Before any Knowledge Management specialists get angry with me please believe that I’m not denigrating the subject itself which is obviously very important in this information age. I’ve even been known to talk to my customers about the critical difference between information and knowledge but my objection is taking such a complex subject and making it nonsensical, pompous and terribly self important by doing no more than using a bunch of long words.

Anyway, back to the invitation. The reason I reacted to this was that the JT Frank Academy approached me (and the other squillion people on their mailing list) with exactly the same offer last September. I was offered the same opportunity as well as similar incentives.

However, that earlier email suggested that if I helped them to schedule the course here it might have been facilitated by a certain Dr Frankie Ow DBA who was described as their Chief Knowledge Architect. So far, so good. However being the person I am, I wondered where he received his DBA, a Doctorate in Business Administration. A little research showed it was awarded by St George University International, a well known diploma mill. This distinctly dodgy establishment was well known for having no apparent educational standards and has awarded it’s so-called degrees around to world to people who, one might assume, can’t be bothered to get a real doctorate.

So I emailed “Dr” Ow about this, asking if he actually meant the perfectly respectable St George University in Grenada, or whether he was happy to be known as someone who had a fake degree.

Surprisingly he actually emailed me confirming that his degree was from the SGU International. He told me that he was replying to my e-mail “as a matter of professional courtesy”, that he had 26 years experience in very important things and that, most importantly he was “proud and perfectly happy with both my DBA and St.
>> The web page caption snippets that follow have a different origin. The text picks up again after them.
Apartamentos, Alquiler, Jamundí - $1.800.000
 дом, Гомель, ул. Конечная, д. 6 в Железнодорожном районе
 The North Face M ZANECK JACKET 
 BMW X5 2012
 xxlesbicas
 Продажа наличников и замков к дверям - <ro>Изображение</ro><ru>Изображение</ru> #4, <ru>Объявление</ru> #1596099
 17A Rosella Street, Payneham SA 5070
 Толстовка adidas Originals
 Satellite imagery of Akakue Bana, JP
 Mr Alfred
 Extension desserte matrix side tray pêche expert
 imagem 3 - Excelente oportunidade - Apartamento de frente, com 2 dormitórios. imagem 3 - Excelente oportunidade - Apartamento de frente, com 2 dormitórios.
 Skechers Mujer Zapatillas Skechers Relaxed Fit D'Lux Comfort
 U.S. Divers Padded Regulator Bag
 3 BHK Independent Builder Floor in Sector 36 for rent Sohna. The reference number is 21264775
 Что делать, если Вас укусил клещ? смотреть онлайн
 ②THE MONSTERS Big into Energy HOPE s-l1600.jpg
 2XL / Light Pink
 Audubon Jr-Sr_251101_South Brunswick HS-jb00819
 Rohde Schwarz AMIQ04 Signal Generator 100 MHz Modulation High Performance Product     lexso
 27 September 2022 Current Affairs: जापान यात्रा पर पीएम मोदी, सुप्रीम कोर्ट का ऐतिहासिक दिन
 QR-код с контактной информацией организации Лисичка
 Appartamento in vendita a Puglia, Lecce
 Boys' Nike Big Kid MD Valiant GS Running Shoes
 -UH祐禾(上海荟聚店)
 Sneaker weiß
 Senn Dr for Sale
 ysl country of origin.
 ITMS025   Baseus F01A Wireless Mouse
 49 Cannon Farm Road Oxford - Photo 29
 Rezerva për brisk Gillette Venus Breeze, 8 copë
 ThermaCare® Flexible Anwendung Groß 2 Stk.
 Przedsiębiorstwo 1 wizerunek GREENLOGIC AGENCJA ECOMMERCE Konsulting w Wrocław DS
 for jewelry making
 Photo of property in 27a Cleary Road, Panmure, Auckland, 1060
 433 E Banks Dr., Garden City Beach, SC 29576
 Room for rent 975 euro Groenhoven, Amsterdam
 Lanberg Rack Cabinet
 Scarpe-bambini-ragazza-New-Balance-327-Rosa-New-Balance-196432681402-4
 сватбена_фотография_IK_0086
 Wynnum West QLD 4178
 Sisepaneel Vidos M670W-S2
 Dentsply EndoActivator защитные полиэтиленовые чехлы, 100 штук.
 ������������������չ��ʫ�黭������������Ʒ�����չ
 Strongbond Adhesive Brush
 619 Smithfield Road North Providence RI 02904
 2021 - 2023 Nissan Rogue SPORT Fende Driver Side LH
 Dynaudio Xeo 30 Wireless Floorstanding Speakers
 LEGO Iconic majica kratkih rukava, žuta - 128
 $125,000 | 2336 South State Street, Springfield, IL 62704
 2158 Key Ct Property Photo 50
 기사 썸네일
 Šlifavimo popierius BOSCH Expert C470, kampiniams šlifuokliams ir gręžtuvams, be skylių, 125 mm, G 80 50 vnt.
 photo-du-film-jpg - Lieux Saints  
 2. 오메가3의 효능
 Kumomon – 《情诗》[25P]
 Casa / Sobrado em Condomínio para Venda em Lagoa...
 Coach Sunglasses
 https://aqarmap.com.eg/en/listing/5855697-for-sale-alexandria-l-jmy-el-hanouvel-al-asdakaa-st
George University International”.

Unhappily for me, he signed off by saying “I would like to very politely inform you that this e-mail will be my first and the only respond to you on this matter”.

Clearly I’m not going to say that there’s anything wrong with the JT Frank Academy nor with it’s founder, “Dr” Ow. I’m not saying that the course and opportunity they offer aren’t fantastic, once in a lifetime, career-enhancing opportunities to make some money. All I am saying is that their founder openly discusses the fact that his main qualification is from an establishment that nobody recognises and that personally I would never knowingly associate with such an organisation.

In the last couple of years I’ve encountered a handful of people, here in Botswana, with “degrees” from unaccredited institutions. Some of them obtained positions or promotions as a direct result of these fake qualifications. Some of them have since been found out and have lost their jobs.

And the other thing? When you think about it it’s not actually that flattering to receive an offer like this. These people had never heard of me and I had never approached them. I have no idea where they got my email address. Maybe there’s not that much difference between their email and all the other email spam I get?